# Personal items left in a Superliner bedroom - safe?



## ACB (Oct 19, 2022)

Is it safe to leave personal items in your bedroom on a Superliner?


----------



## pennyk (Oct 19, 2022)

It may depend on what you mean by personal items. I would not leave expensive jewlery or cash in my bedroom. 
When I travel and I leave my room, I close the door and the curtain and do not leave any electronics out where they would be visible. I always take my cell phone and purse with me when I leave my room and I do not wear expensive jewlery.


----------



## Ryan (Oct 19, 2022)

If your door is shut and the curtains closed, a would be their has no way to tell if the room is occupied. I usually just keep camera/scanner laptop in a closed bag out of the way and don’t worry too much.


----------



## zephyr17 (Oct 19, 2022)

Put your stuff out of immediate sight, close curtains, shut door and you'll be fine.
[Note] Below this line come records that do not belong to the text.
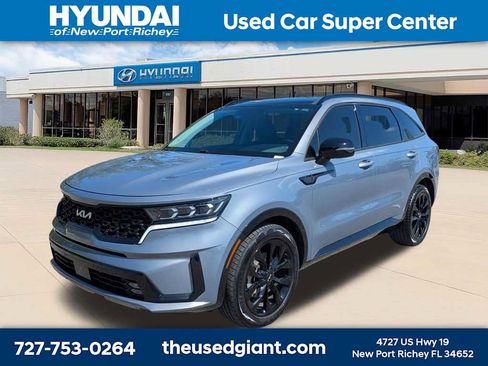 Used 2023 Kia Sorento SX FWD image 1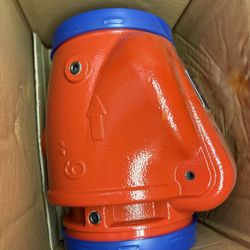 Swing Check Valve 6” 300PSI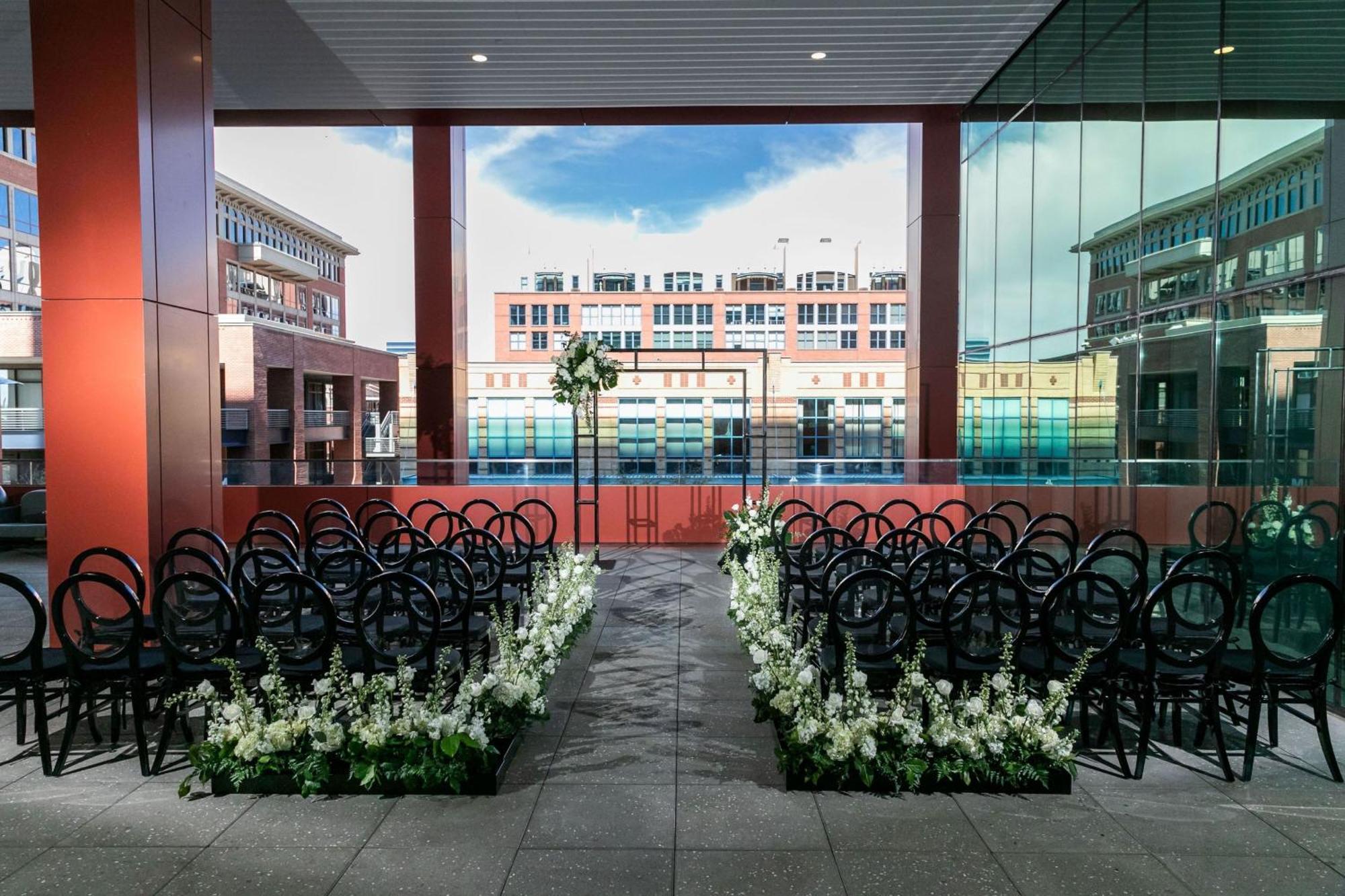 The Westin Tempe Hotel Exterior foto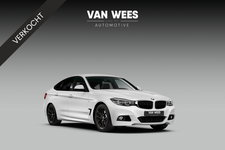 BMW 3 Serie - Gran Turismo 320i High Executive M-sport | NL auto | Camera | HiFi audio | DAB | Navigatie | Stoelverwarming | Climate control | Park Assistant | Cruise control | PDC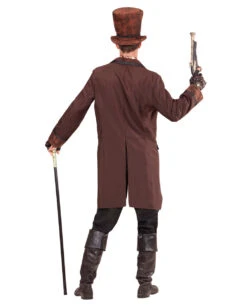 Steampunk Herren Kostüm -Cosly Verkaufsgeschäft steampunk gentleman kostuem cosplay kostuem rollenspielkostuem 29391 4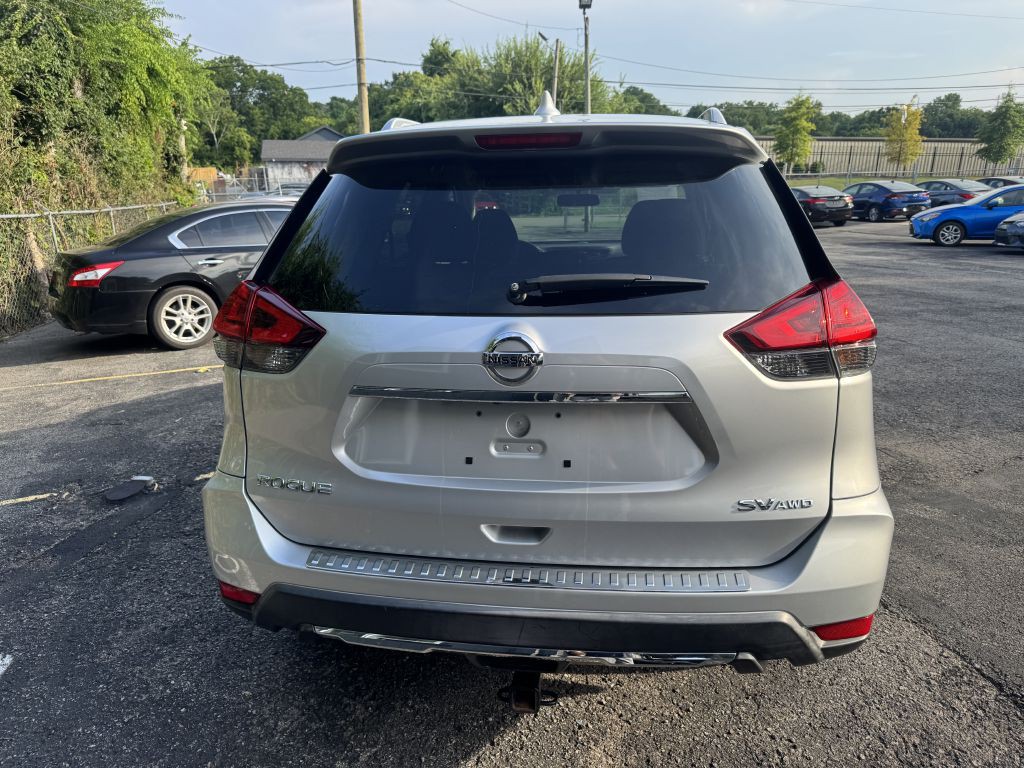 2017 Nissan Rogue Image 5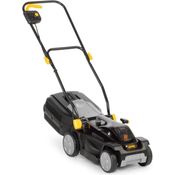 Alpina 293305064-A20 Rasenmäher AL1 30 Li (40 Volt System, 30 cm Schnittbreite, 30 Liter Fangkorb, Inklusive Akku und Ladegerät) - 293305064/A20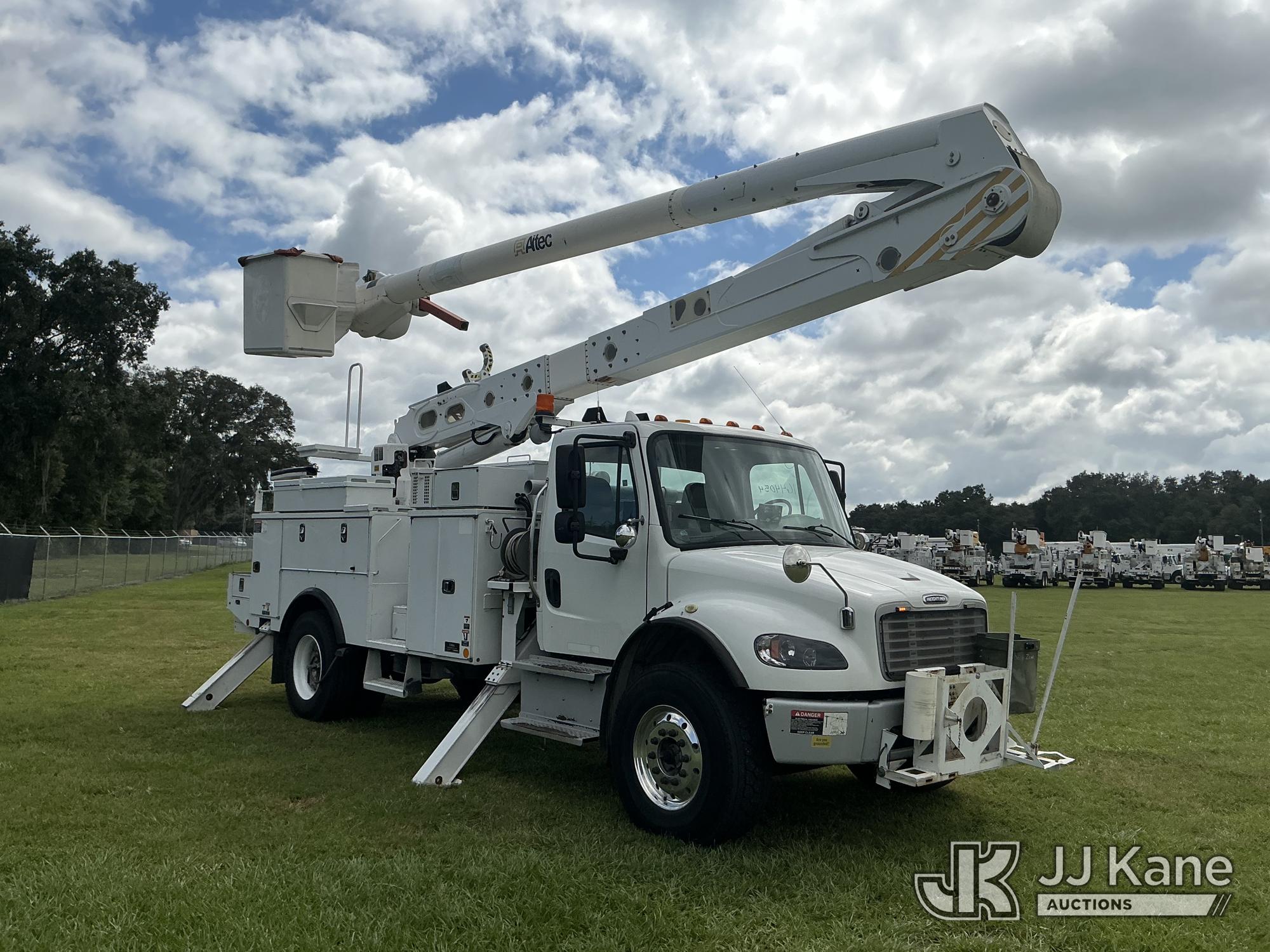 2016 Freightliner M2 106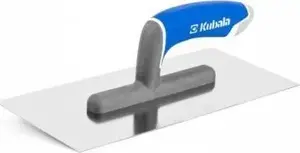 Терка для шпатлёвки Kubala KUBALA0266, лезвие из нержавеющей стали, 130 x 270 мм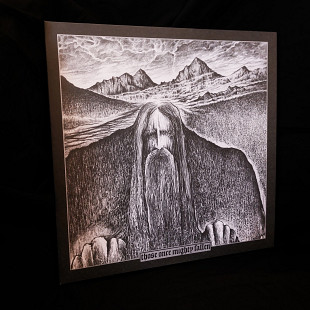 Hate Forest/Ildjarn - Those once mighty fallen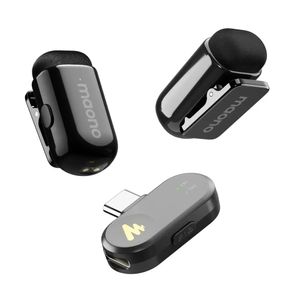 Micrófono inalámbrico Lavalier Maono Wave T1 Mini –WM622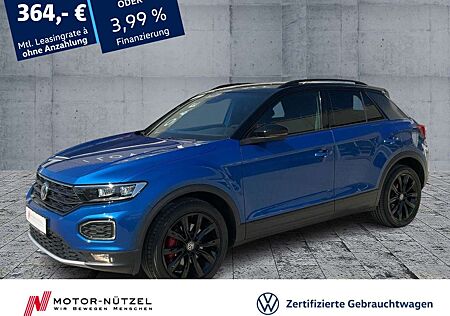 VW T-Roc Volkswagen 1.5 TSI SPORT BLACK STYLE LED+NAV+BEATS+18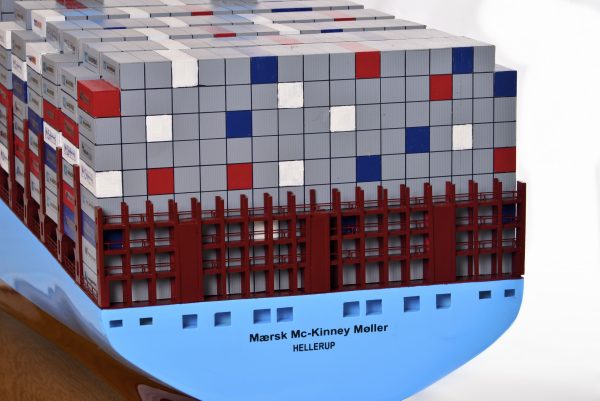 Maersk MC. Kinney Moller Container Ship - Image 30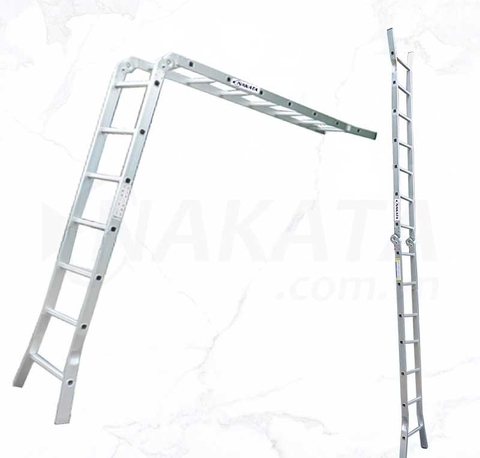 Thang Nhôm Khóa Tự Động A 2m5 Nakata VN25A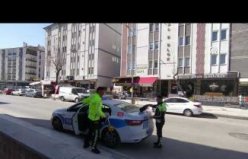 Kamyonetin çarptığı çocuk yaralandı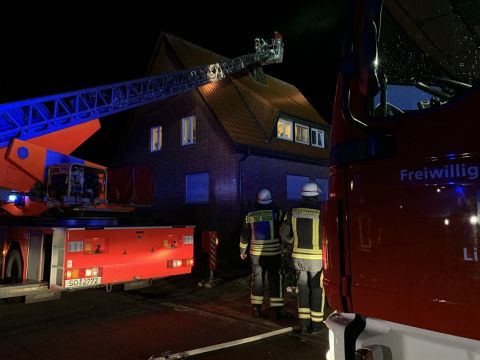Einsatzdokumentation Feuerwehr Lippetal
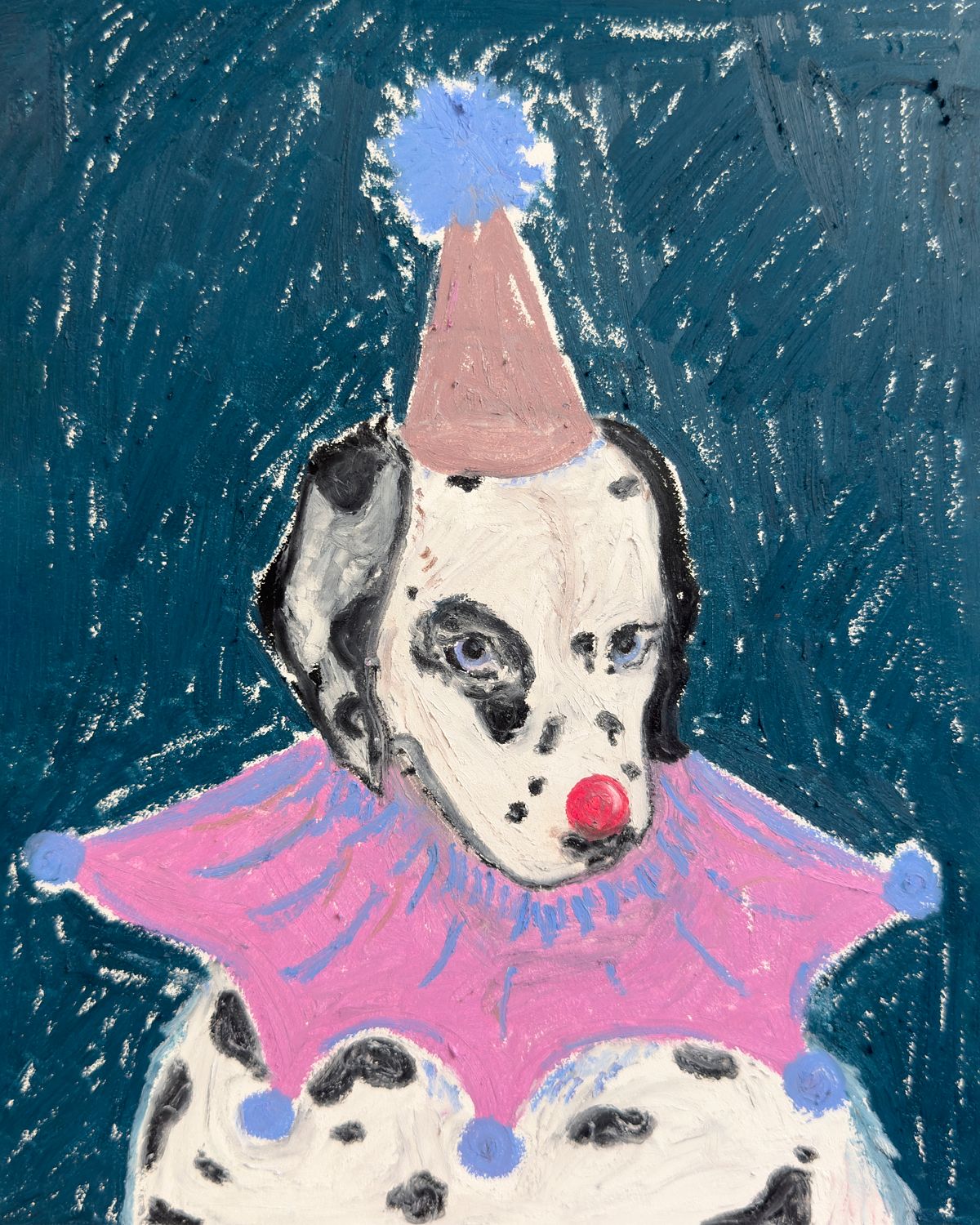 dalmation baby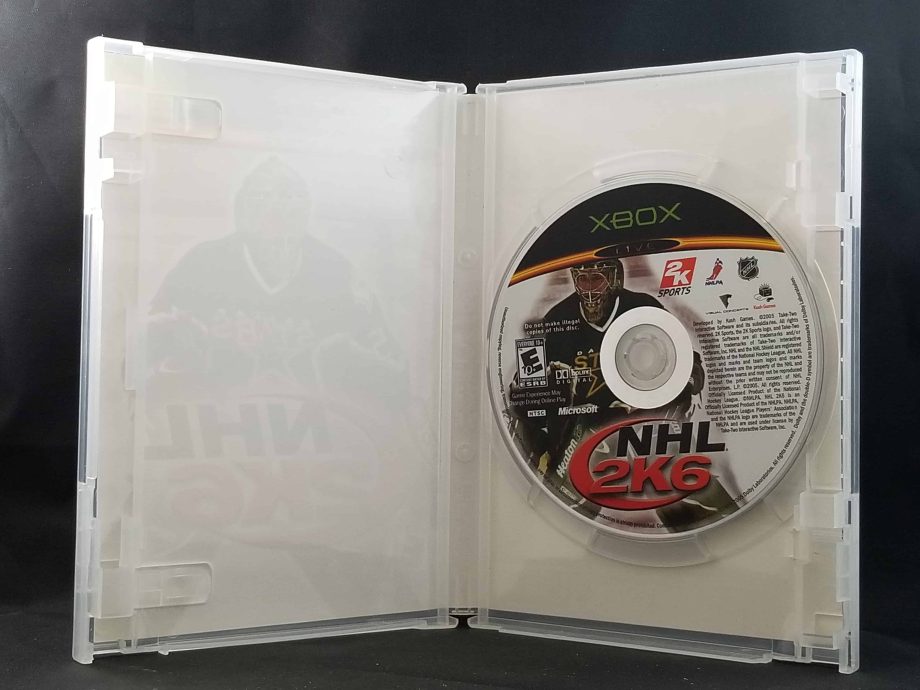 NHL 2K6 Disc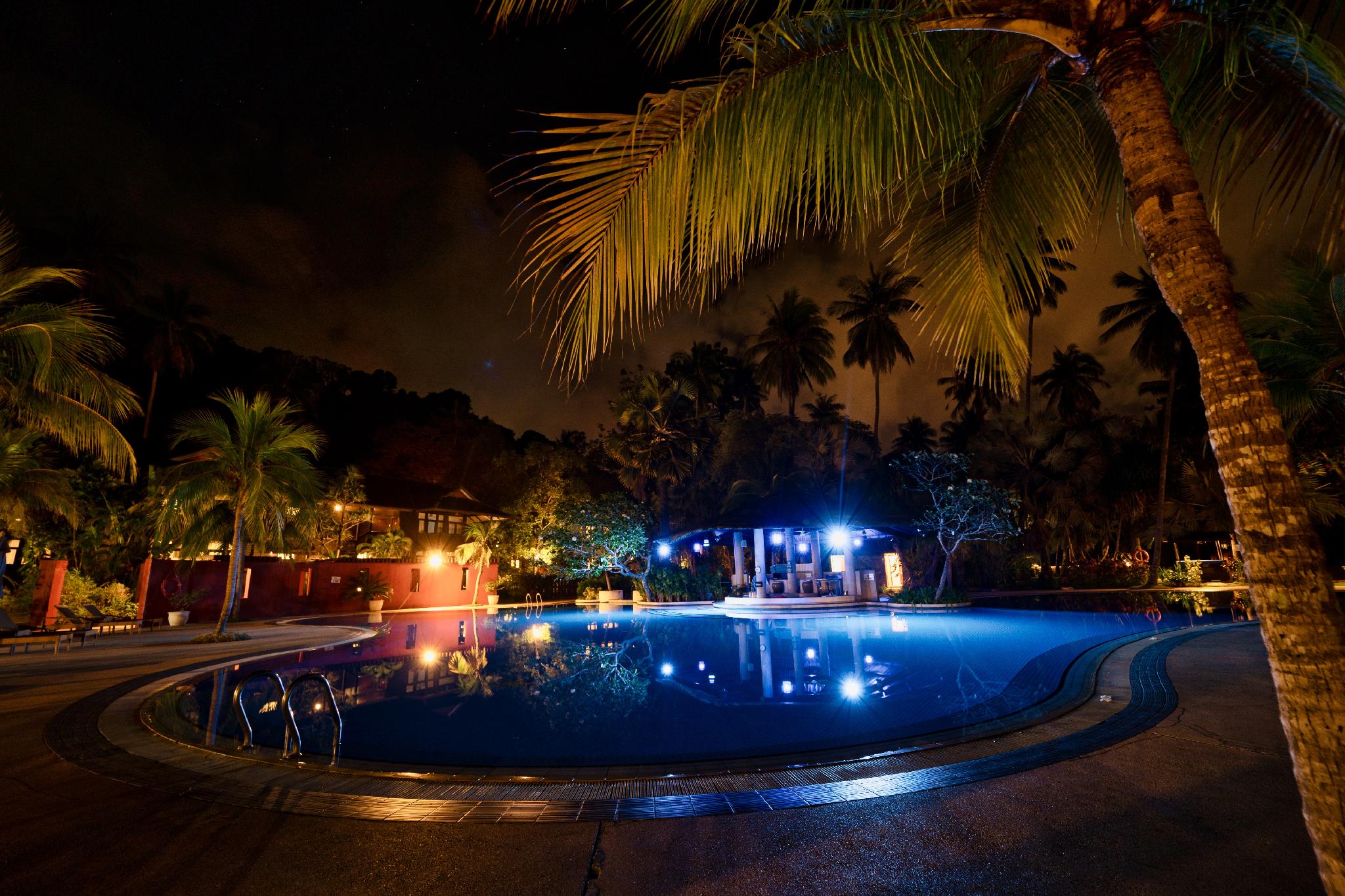 レバック アイランド リゾート アンド マリーナ ランカウイ 写真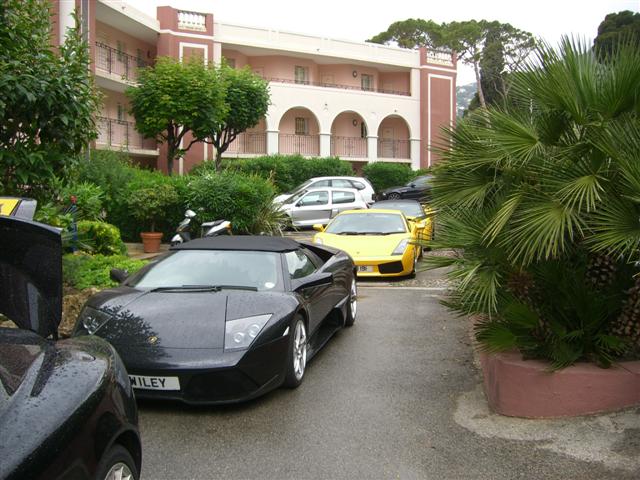 Lamborghini Pistonheads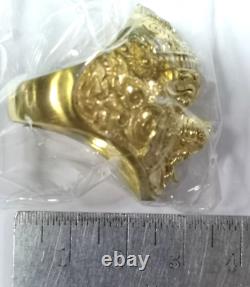 Safe Thai Buddha amulet talisman pendant Monkey king ring Pra AJ LP Foo magic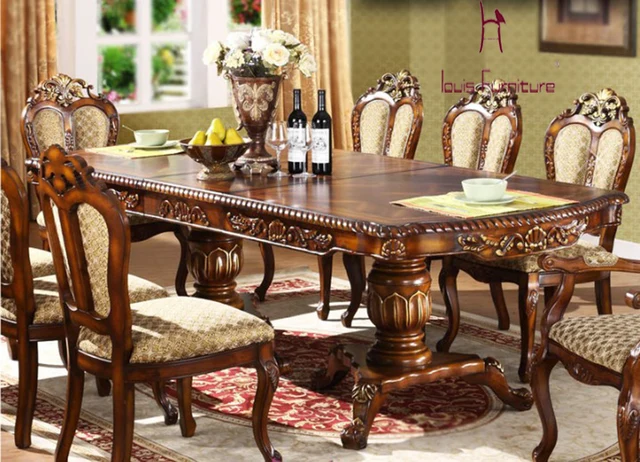 European Scalable Tray Tables American Rectangular Table Solid Wood European Scalable Tray Tables American Rectangular Table Solid Wood Counter 6 8 People Dining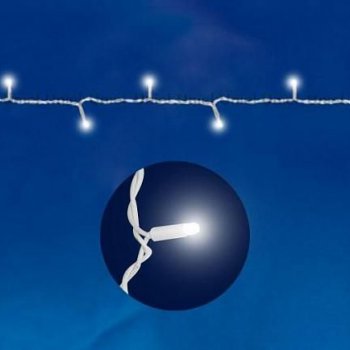 Гирлянда Uniel ULD-S1000-120 120LED белый 10м контроллер IP67 (6)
Been riding since Superliners were introduced, mostly in roomettes, with no issues.


----------



## Rasputin (Oct 19, 2022)

I agree with the previous responses. I try to close the curtain and the door when I leave the room and keep things of value out of sight. We have never had a problem. Sometimes closing the door doesn't always work because doors often slide open and do not stay closed 

The only problem I ever had was when I was a coach passenger in 1972 on an overnight trip on the Floridian. Before I went to the lounge car in the evening I placed my camera bag on my seat and to hide it I placed my Woolwich jacket over it. When I returned the jacket was gone but the camera bag and contents were fine. I figured the person who took the jacket must have needed it far more than I did.


----------